Given information:
—————
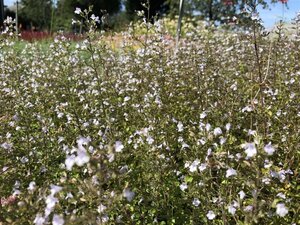 Calamintha n. nepeta geen maat specificatie 0,55L/P9cm - afbeelding 6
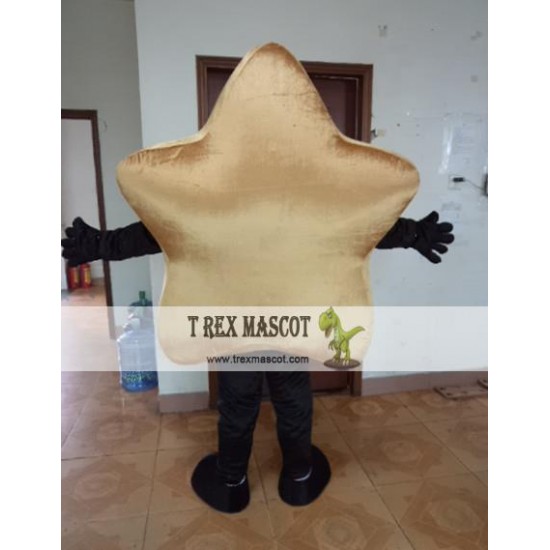 Cartoon Stars Mascot Costume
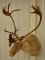 Caribou Shoulder Mount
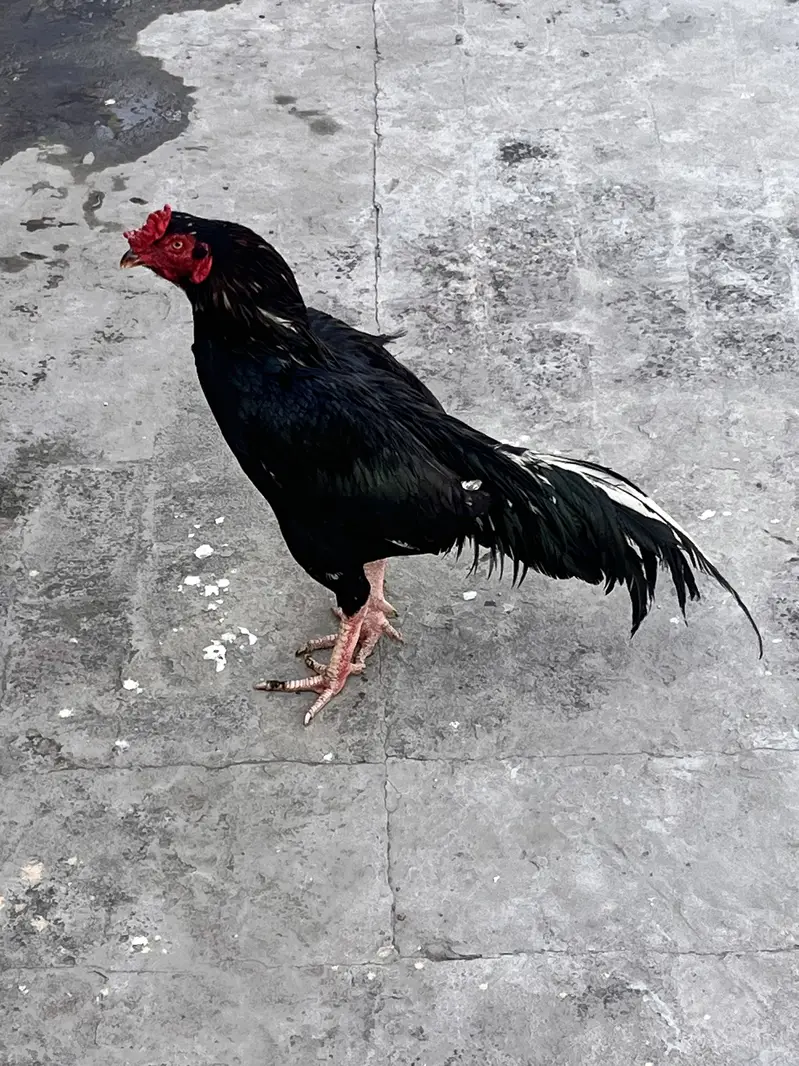 Aseel murgha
—————
Exercise objective:
The lines wanted run from the one with "Cartoon Stars Mascot Costume" through the final line of the data; repeat them word for word and skip every picture.

Reply to the exercise:
 Cartoon Stars Mascot Costume
 Caribou Shoulder Mount
 Aseel murgha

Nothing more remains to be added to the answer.